Wir hinterfragten die Art und Weise wie wir arbeiten, und stellten uns alternative Formen von gemeinschaftlichen Produktion vor. Wir versuchten Bilder zu kreieren die existierende Spuren einer alternativen Zukunft aufgreifen – einer Zukunft in der wir leben wollen.

Nuriye Tohermes und Finn Brüggemann sind Teil des Archipel Kollektivs. Sie arbeiteten von September bis Dezember 2017 im Rahmen einer Künstlerischen Residenz im Cemeti Insitute for Art and Society in, Yogyakarta, Indonesien.



Die Praxis von Das Archipel Kollektiv
An das Goethe-Institut JAKARTA

“Das Archipel Kollektiv arbeitet seit 2013 im Feld der Critical Spatial Practice. Die Praxis des Archipel Kollektivs sind Arbeiten im öffentlichen und semi-privaten Raum, die gemeinschaftsbildend wirken. Die Arbeiten sind ortsbezogen. In jedem Projekt wird eine eigene Methodik entwickelt.
Zusammen mit Menschen vor Ort wird ein sozialer Raum erdacht. Während des gemeinsamen Arbeitens entsteht korrelierend konkreter Raum und Gemeinschaft. Der gemeinschaftliche Umgang wird während des Prozesses verhandelt.

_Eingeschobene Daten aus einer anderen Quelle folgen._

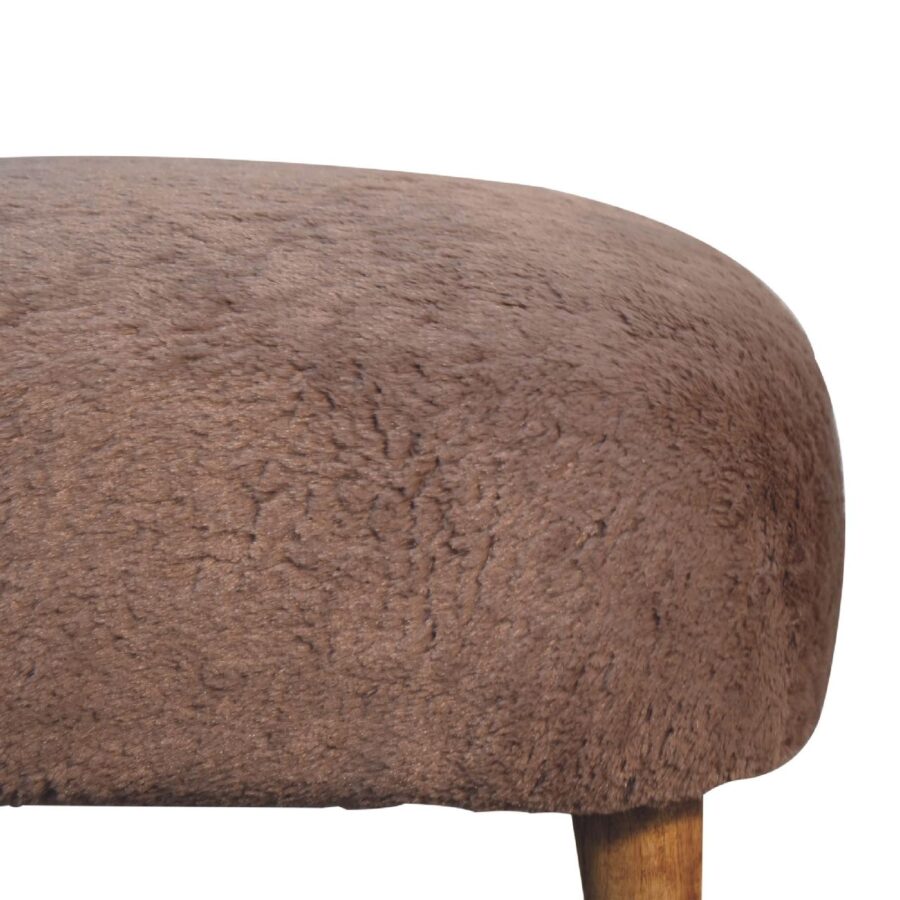 Close-up of brown upholstered stool top.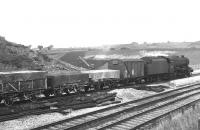 Stanier 8F 2-8-0 no 48169 brings a freight into Penrith off the Keswick line in September 1967 over the new railway bridge spanning the M6 motorway. Construction of the motorway itself is well underway in the background.<br>
<br><br>[Colin Miller 15/09/1967]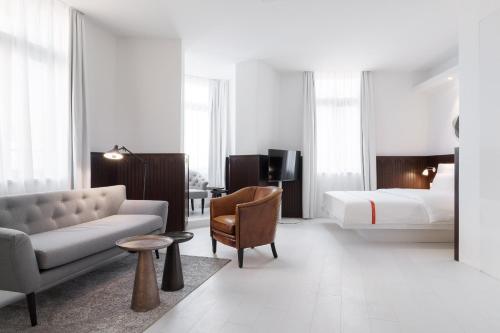 a hotel room with a bed and a couch and a bed at Ruby Hanna Hotel Stuttgart by IHG in Stuttgart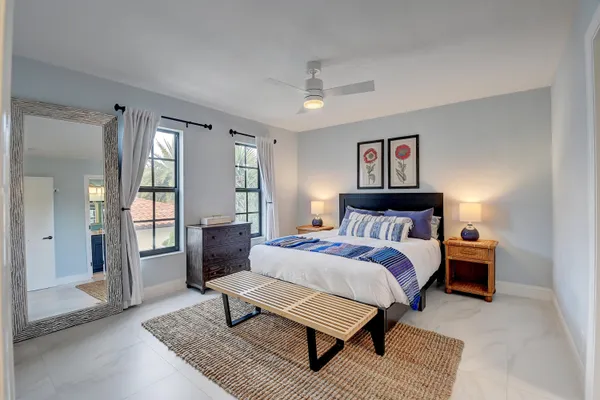 a spacious bedroom with a bed and glass door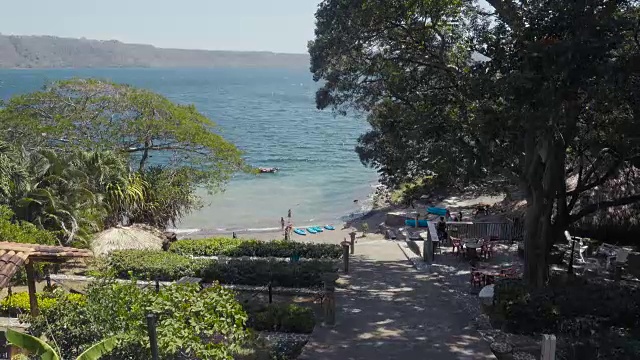 尼加拉瓜的拉古纳阿波约湖度假胜地。做日光浴和沐浴的女人。岸边有皮划艇，水上有木制平台。视频下载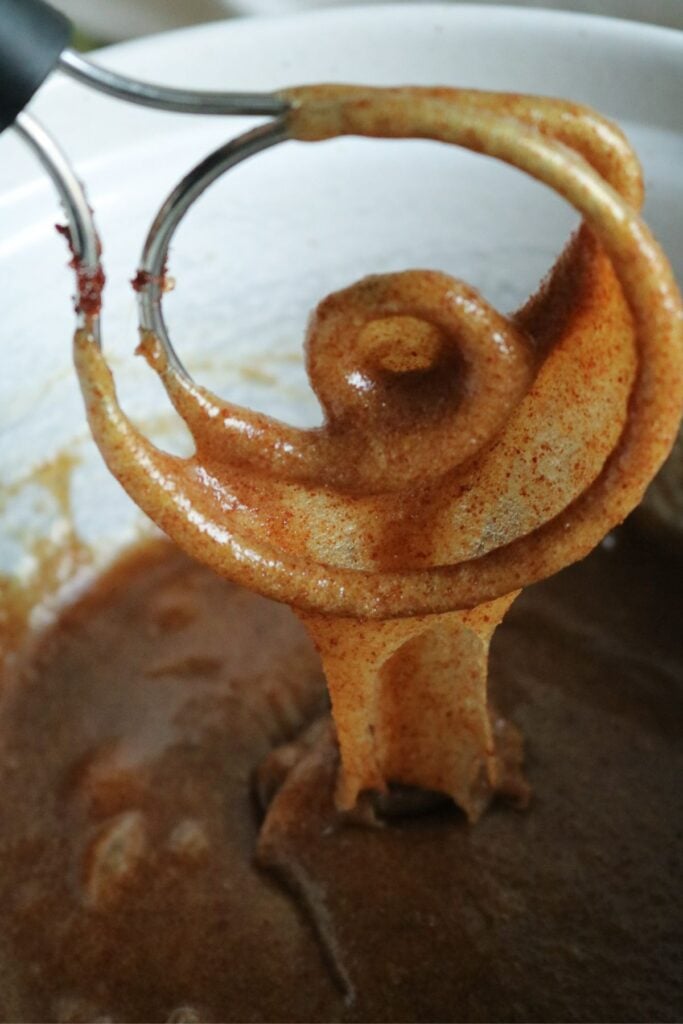 close up view of a dough whisk dripping brown butter, sugar, eggs, and vanilla before adding the dry ingredients.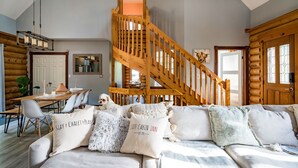 A cozy cabin interior with a wooden staircase, a dining area, and a sofa with decorative pillows. - Cozy Cabin Inn w/ Private Hot Tub, Fire Pit + close to Golf, Trails, Waterfalls (Owen Sound)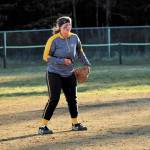 Photo courtesy Bill Bell                                 Kaitlyn Johnson plays with her teammates on the Homer softball team in this undated photo.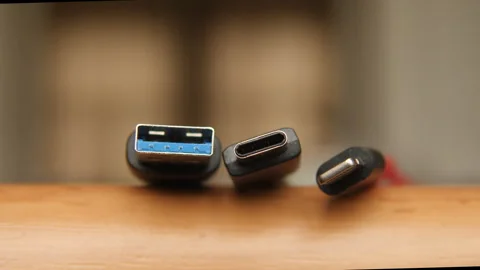5 different smartphone charging connectors. Time lapse where only USB-C remains. Stock Footage 260122378
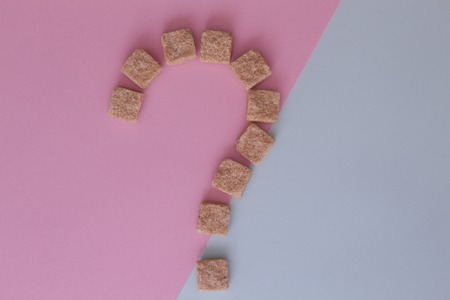 Brown sugar cubes shaped as a question mark on colourful background. Top view. Diet unhealty sweet addiction conceptの写真素材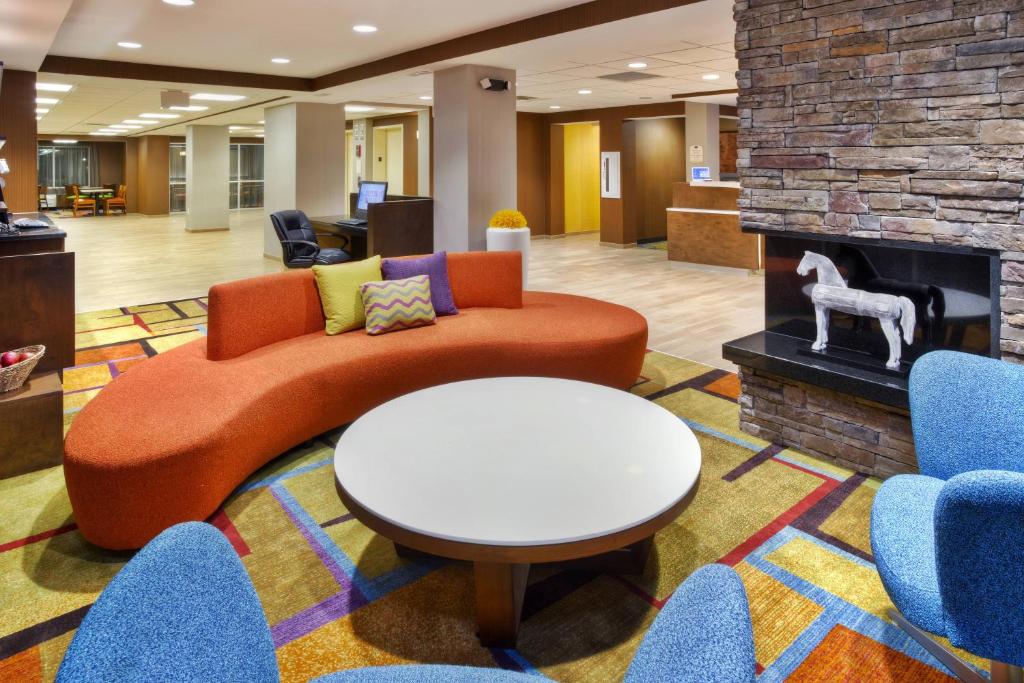 a lobby with a couch and a fireplace at Fairfield Inn Owensboro in Owensboro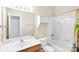 Bathroom featuring sink vanity, toilet, tub, and shower with white tile and a light-colored curtain at 5238 Downing Creek Dr, Charlotte, NC 28269
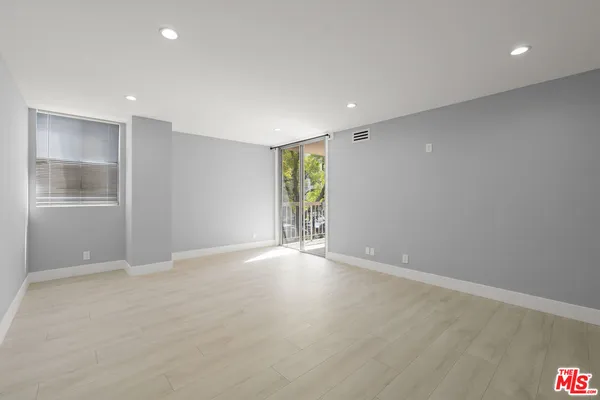 an empty room with windows and closet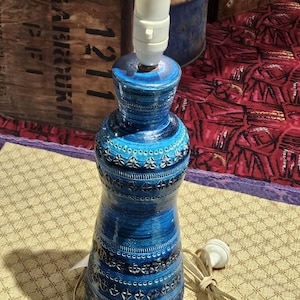 May include: A blue ceramic table lamp with a white lamp holder and a cream-coloured cord. The lamp has a textured surface with decorative patterns and a bulb socket. The lamp is approximately 30 cm tall.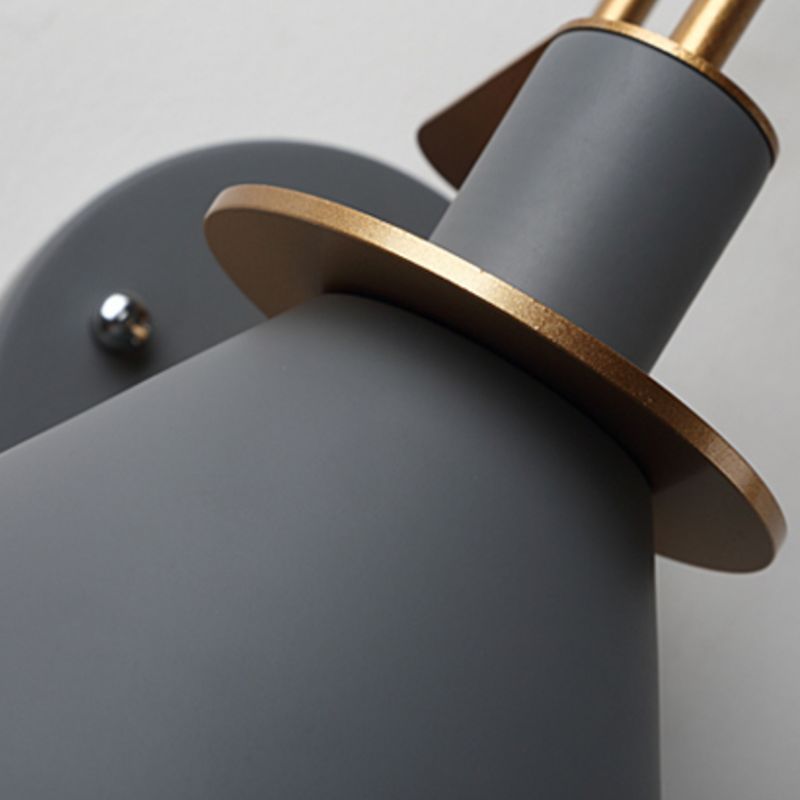 Close-up: gray metal Morandi wall lamp with gold accents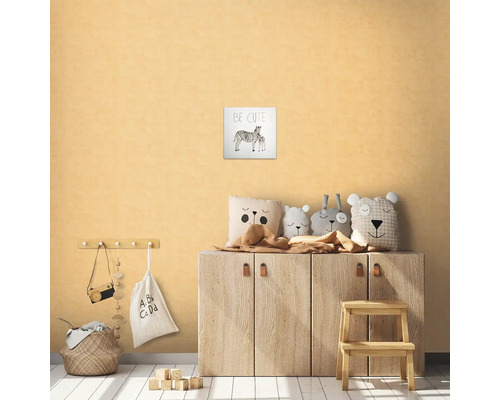 Kinderkamer met houten meubels, decoratieve kussens, kruk en een zebraprint met de tekst Be Cute.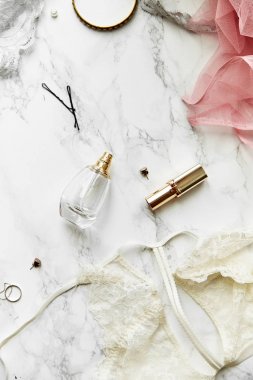 parfüm ve takı öğeleri beyaz mermer zemin, güzellik rutin kavramı üzerine rujla kadın dantel iç çamaşırı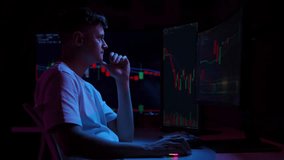 Stressed crypto trader touching head with hands while looking at multiple computer monitors showing falling stock market charts in dark room illuminated by blue neon lights. Shooting in slow motion. - Powered by Shutterstock - Get 15% off with code: PIKWIZARD15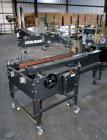 Used Little David SP304 top and bottom case sealer. Operating speed up to 72' per minute. Side belt drives with a case size range: (Length)6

In der Praxis wird das Problem einer gemeinsamen Sprache zwischen KünstlerIn und Publikum Aufgelöst, die KünstlerInnen werden hier zum co-creator, Miterschaffende von Bildern eines anderen Raums und einer anderen Gemeinschaftlichkeit. Vor einem Projekt können die KünstlerInnen keine Prognosen zu seinem Ausgang machen, meistens ist der Prozess aber so zu Rahmen:
“Wir versuchen die sozioökonomische Struktur eines Ortes zu verstehen. Wir reden mit AnwohnerInnen, stellen Fragen, laden Menschen zum Essen ein oder werden eingeladen.
Gemeinsam mit den Menschen, die an einem Ort leben, versuchen wir Wünsche zu formulieren und Ideen zu spinnen wie lokale Freiräume bespielt werden können. Gemeinsam versuchen wir diese Ideen umzusetzen. So entsteht ein Ort. Ein Projekt ist erfolgreich wenn wir als InitiatorInnen diese Prozesses irrelevant für das bestehen des Ortes werden.”